Делаю вираж… Внизу зеркало бухты… И вдруг спасительная мысль: идти к плавбатарее! Снизиться, пройти над ней, и, если «мессеры» увяжутся, батарейцы наверняка отсекут их огнем, собьют с курса… А тем временем, может, удастся сесть!
Пошел на плавбатарею. Вот она, почти квадратная, железная коробка размером со спичечный коробок. Ниже, еще ниже! Вот батарея уже размером с книгу. Батарея увеличивалась в размерах. Уже отчетливо видны люди возле орудий и пулеметов… Стволы орудий повернуты в мою сторону. Мелькнула мысль: «Не примут ли за немца?» Качнул крыльями…

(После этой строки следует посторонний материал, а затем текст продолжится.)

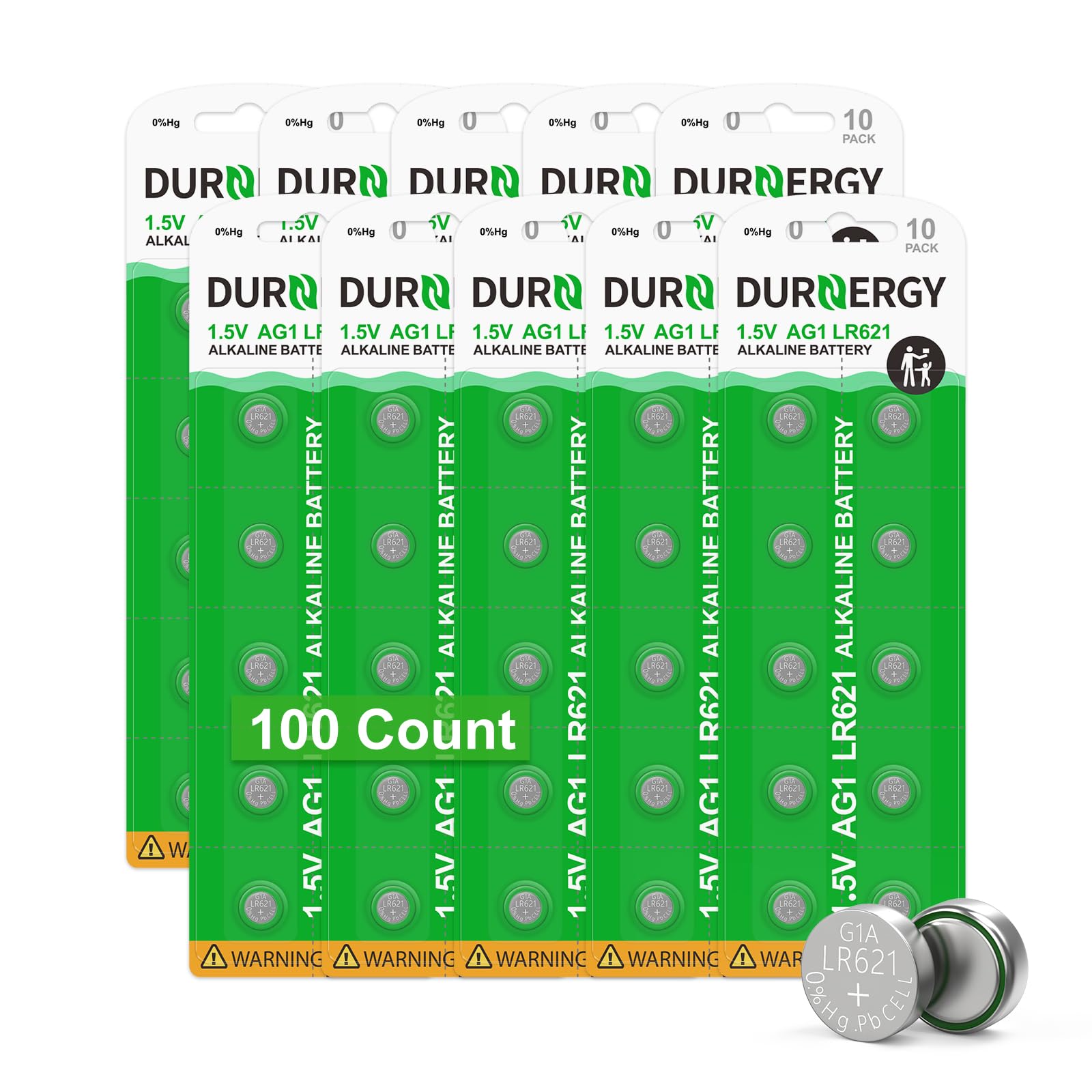 Photo 1 of ****MISSING 1 PACK****DURNERGY SR621SW Watch Battery 100 Pcs, AG1 Battery Watch Batteries 364 363, Alkaline Coin Button Cell Battery, LR621 Green Battery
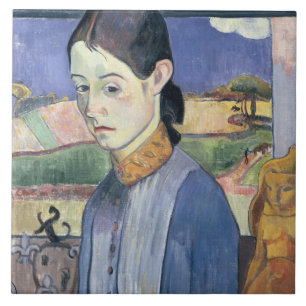 Young Breton Woman, 1889 (olie op doek) Tegeltje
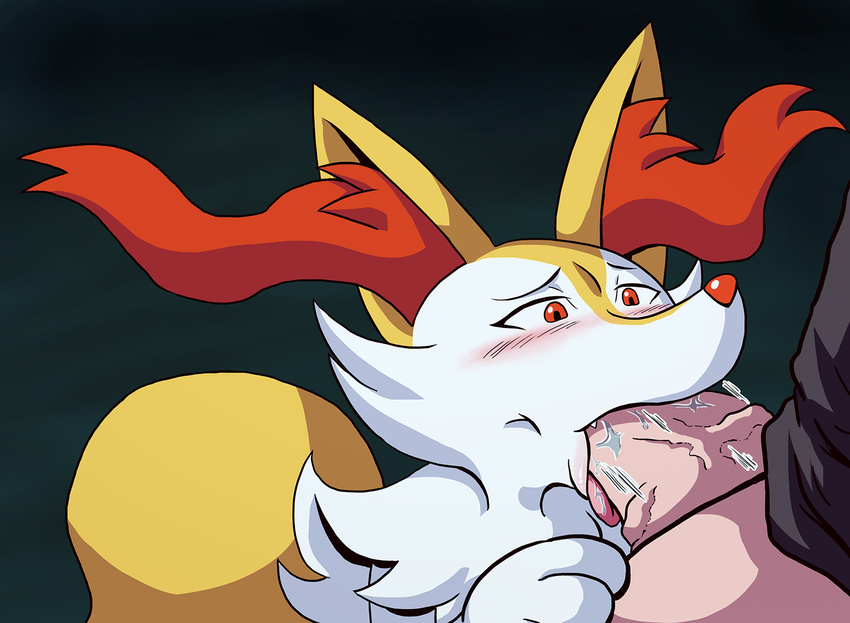 2016 blush braixen canine clothed clothing darkyamatoman duo ear_tuft faceless_male fangs fellatio female forest fox fur grass half-closed_eyes human interspecies male male/female mammal mostly_nude nintendo oral oral_penetration penetration penis pok&eacute;mon pok&eacute;philia red_eyes red_fur saliva sex solo_focus teeth tongue tongue_out tree tuft vein veiny_penis video_games white_fur yellow_fur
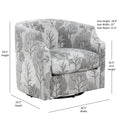 Isabelle Swivel Glider Barrel Chair Gray Floral Gray Foam Fabric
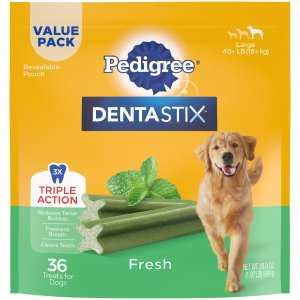 Pedigree Dentastix Fresh Flavor Bones Large Dog Dental Treats, 1.87 lbs., Count of 36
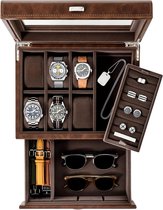 Bayswater Heren Horlogebox - 6-Vaks Horlogedoos voor Mannen – Horlogebox voor Mannen - Sieradendoos Mannen - Horlogebox Heren - Leren Box - Zwart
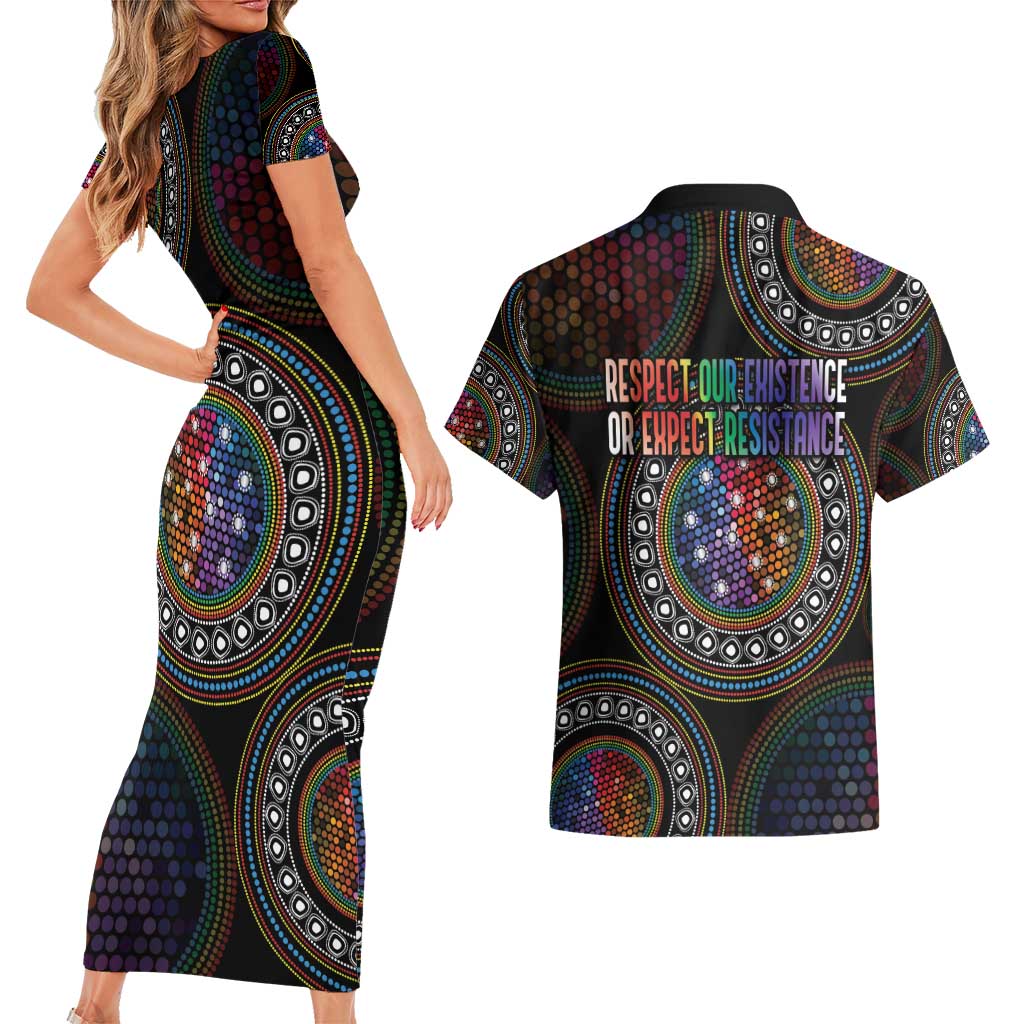 Australia Indigenous Couples Matching Short Sleeve Bodycon Dress and Hawaiian Shirt First Nation LGBT - Respect Our Existence - Aussie Hoodie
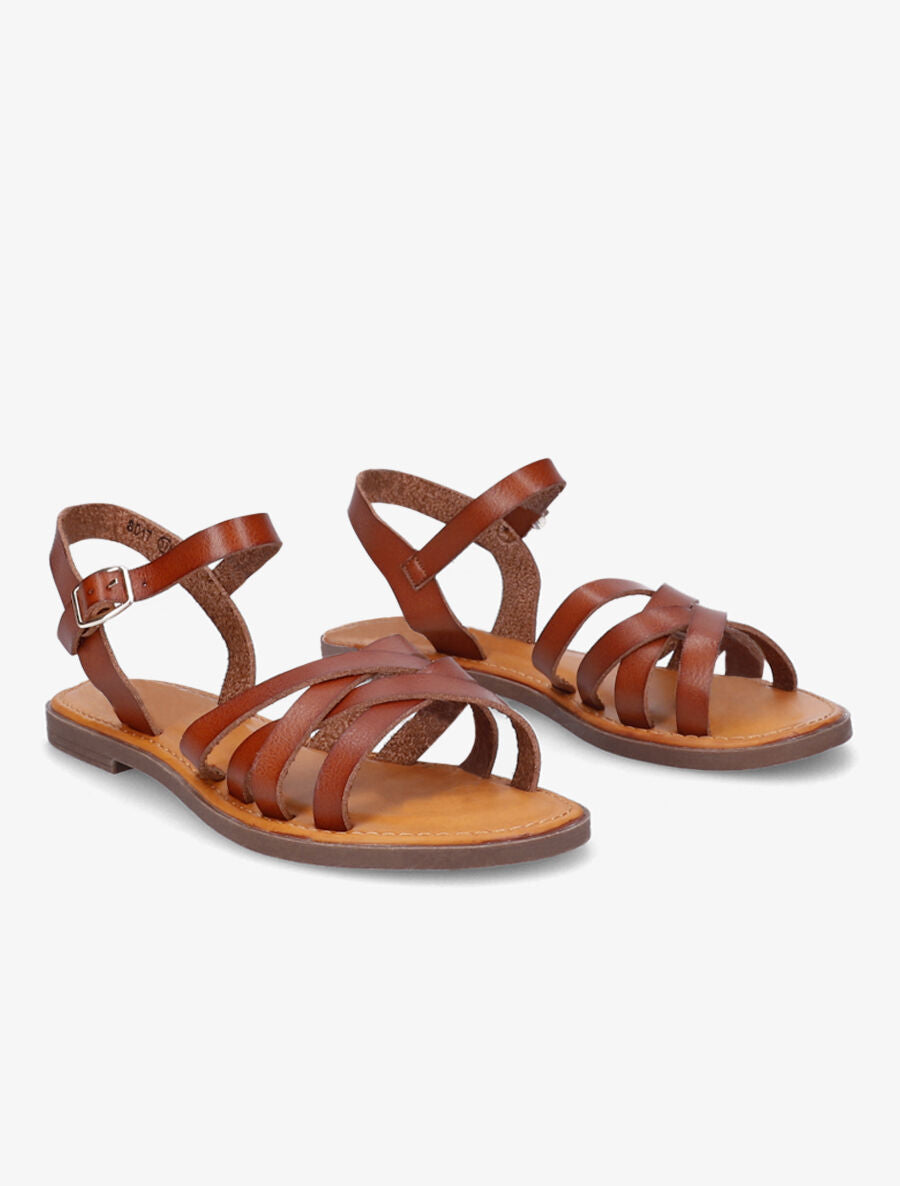 Nu-pieds à ganses entrelacées - Camel - 5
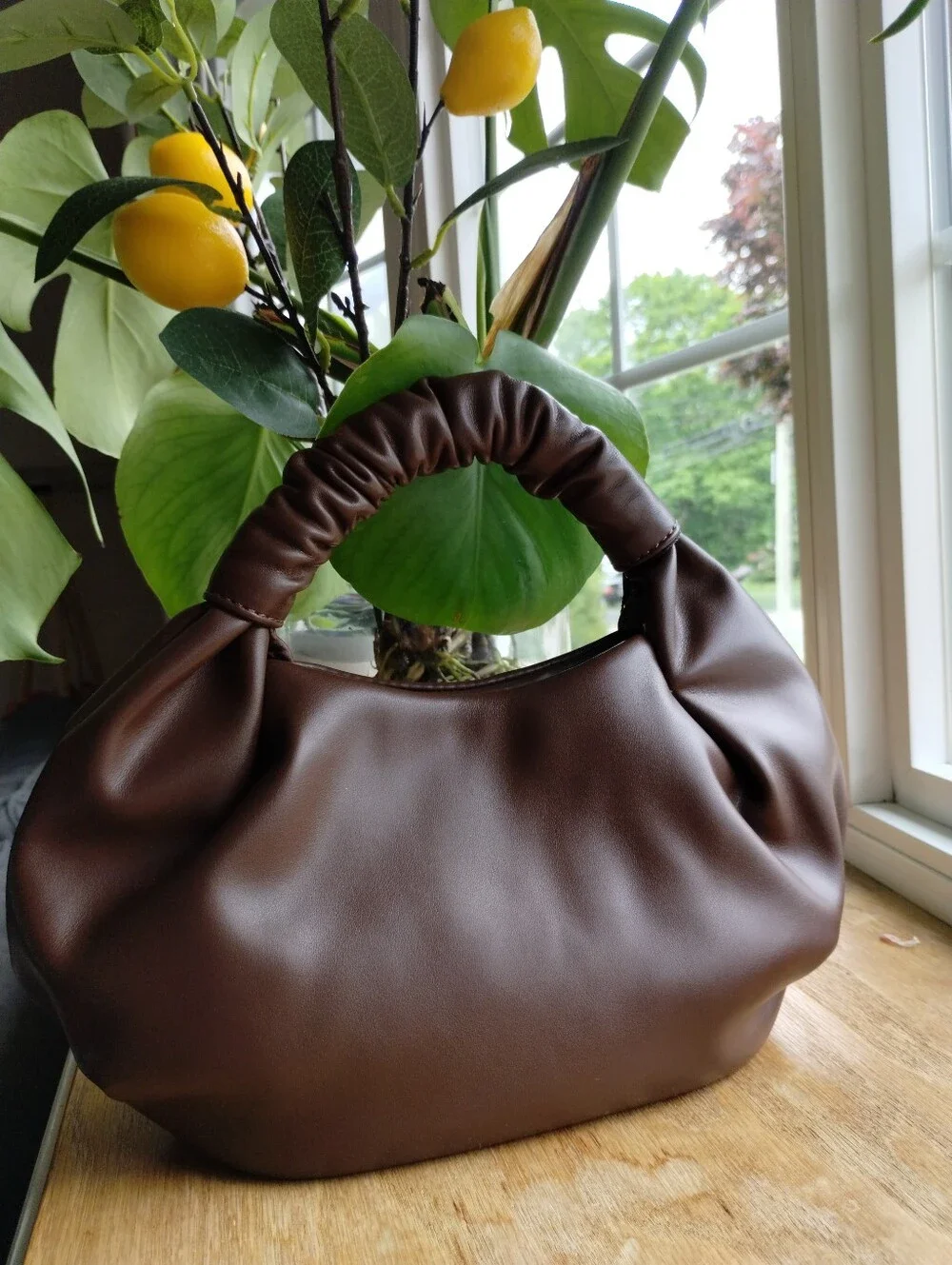 The Drop Chocolate Brown Addison Brown Ruched Hand Purse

Пронесся над батареей. Совсем отчетливо на мгновение увидел лица людей. Заметил дымок — выстрел одного из орудий. Надвигался берег… Вот и посадочная полоса. Заходить против ветра — нет времени. Ждать, пока на аэродроме разорвется очередной, падающий ровно через 40 секунд немецкий дальнобойный снаряд, тоже нельзя…
Сажусь. Откидываю фонарь, оглядываюсь. Так и есть, сверху, как раз по курсу моей посадки, на меня падает «мессер». А лишенный маневра, беззащитный штурмовик продолжает катиться по полосе…
Не дожидаясь, пока погасится скорость, я выбрался на крыло и кубарем вывалился из штурмовика, покатился по земле, а «мессер» ударил по пустой кабине…
Федору Тургеневу повезло. Его не атаковали, и он ювелирно притер к посадочной полосе самолет, загнал его в капонир.
Самолет мой выбыл из строя ненадолго: механики всего лишь заменили в нем развороченное снарядом сиденье.
…Так летали мы с Херсонесского аэродрома, и недосуг было в те дни считать, сколько раз жизнь каждого из нас висела на волоске. Шла война, и не было времени думать о смерти. Думали о том, как уничтожить врага, выиграть бой, а выиграв, снова думали о победе.
Теперь же, вспоминая прошлое, могу со всей ответственностью сказать, засвидетельствовать: в тот день плавбатарея № 3, легендарная «Не тронь меня!», спасла мне жизнь.
Герой Советского Союза полковник в отставке Мирон Ефимович Ефимов».
ХРАНИТЬ ВЕЧНО!
Работая над книгой о плавбатарее, я старался зримо представить своих героев, знать, как они выглядели. Почти каждый третий из плавбатарейцев известен мне в лицо. Удалось собрать фотографии всех командиров. Правда, сначала у меня было фото С. Я. Мошенского, где он — старший лейтенант и без ордена, которым его наградили в марте сорок второго. Не было и фотографий плавбатарейцев в боевой обстановке, возле орудий, хотя оставшиеся в живых вспоминали, что последнее время их довольно часто навещали фотокорреспонденты. Об этом же в своих письмах к жене сообщал и Мошенский.